Although they’re best friends, Mary Anne and Kristy are very different. They may both be fairly small for their age (and they even look alike with their brown hair and brown eyes), but the similarities end there. Kristy is loud and sort of cynical; Mary Anne is quiet and shy, dreamy and sensitive (she cries easily). She may even be a little romantic. She’s the only one of us to have a steady boyfriend. (His name is Logan Bruno.) And her family is certainly different from Kristy’s. While Kristy’s was big even before Mrs. Thomas married Watson Brewer, Mary Anne has just her dad and her kitten, Tigger. Mrs. Spier died when Mary Anne was really young. Mr. Spier used to be incredibly strict with Mary Anne, but over the past year, he’s loosened up a lot. Now Mary Anne has stopped wearing the jumpers and kilts and loafers her father used to choose for her, and has started wearing more trendy clothes. She’s branched out in terms of friends, too. She and Dawn are very close, and then there’s Logan. Mary Anne would never have had a boyfriend last year….
The other person coming to New York was Dawn Schafer. Dawn is now the treasurer, which used to be my job. Dawn had been a sort of substitute officer (we called her an alternate officer) before I moved, so she easily filled my position. (In case you’re wondering, when I left the club, the girls replaced me with two sixth-graders, junior officers named Mallory Pike and Jessi Ramsey. They weren’t coming to visit because I didn’t know Mal that well and I didn’t know Jessi at all. Plus, their parents wouldn’t have let them come.) The treasurer’s job is to keep track of the money the club members earn, and to collect weekly dues, which are spent on club supplies and stuff.
Dawn was not an original member of the club. She moved to Connecticut from California about four months after Kristy started the club. She moved because her parents got a divorce, so this past year has been a wild one for Dawn, too. Besides having to adjust to life without her father, she had to get used to the East Coast, especially to cold weather.

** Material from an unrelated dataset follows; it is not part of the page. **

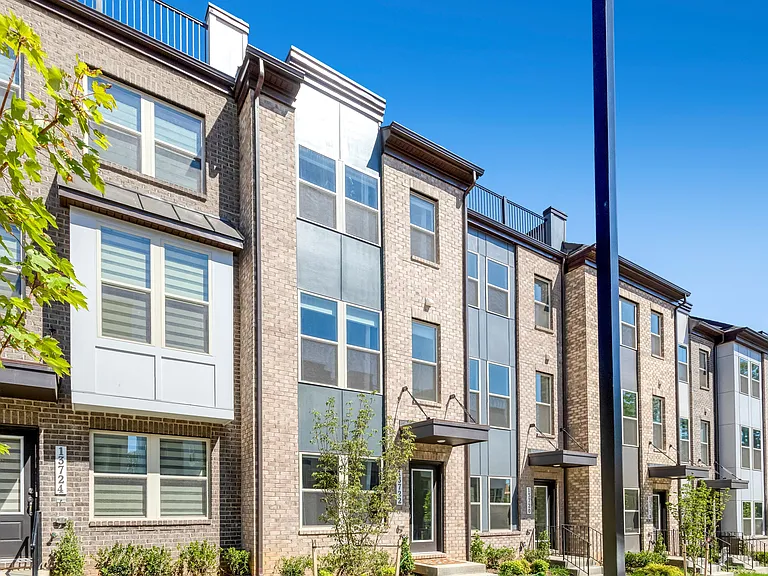 Stunning front exterior showcasing modern design, great curb appeal, and a prime location in the sought-after Quartz District community.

She had to start at a new school in the middle of a year, and make new friends, and her mom had to find a job. Then, not long ago, Dawn’s younger brother decided he just couldn’t handle that new life, and he moved back to California and Mr. Schafer. Dawn misses her brother a lot, but she seems happy enough. She’s very close to her mother. Besides — she’s got the Baby-sitters Club!

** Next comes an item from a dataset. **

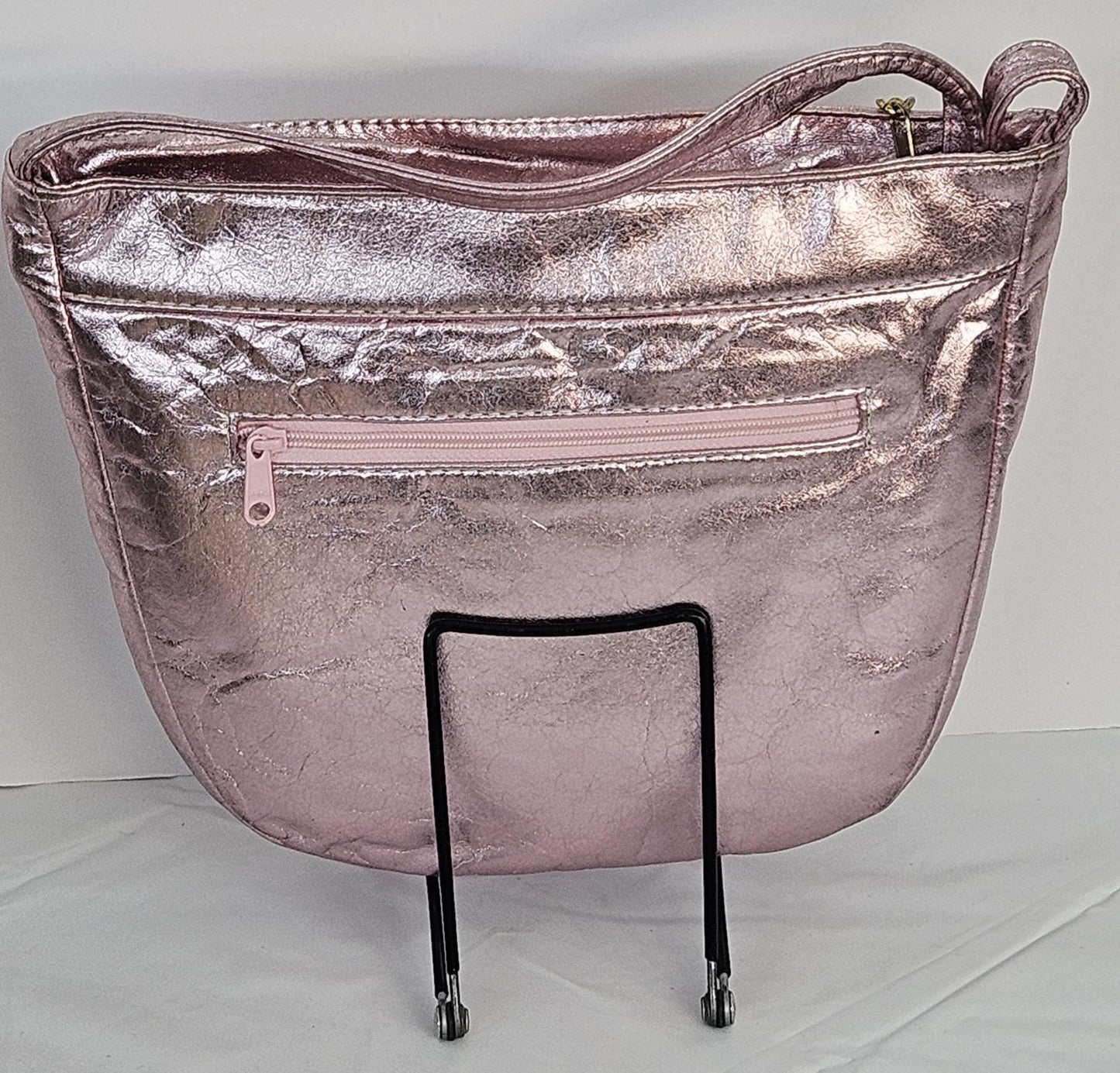Pink metallic with Gold Z and Butten metal design on Leather Handbag. Item#Tr2030Pinkgz.Design for you.Made In USA!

Dawn is a real individual. She’s a health-food freak. She does things her own way and doesn’t care what people think of her. I guess that means she has a lot of self-confidence. And she sure stands out in a crowd. Her hair falls all the way to her waist and is so blonde it’s almost white. Her eyes are a dear, pale blue. I remember feeling practically speechless the first time I saw her.
The more I thought about my friends, the more eager I became to see them. But the taxi was just crawling along. We seemed to be approaching a traffic jam at Columbus Circle. There was nothing to do but settle back and wait.
So I did. When we finally reached Grand Central, I paid the cabbie and scrambled out of the taxi.
In a few minutes, the members of the Baby-sitters Club would be reunited!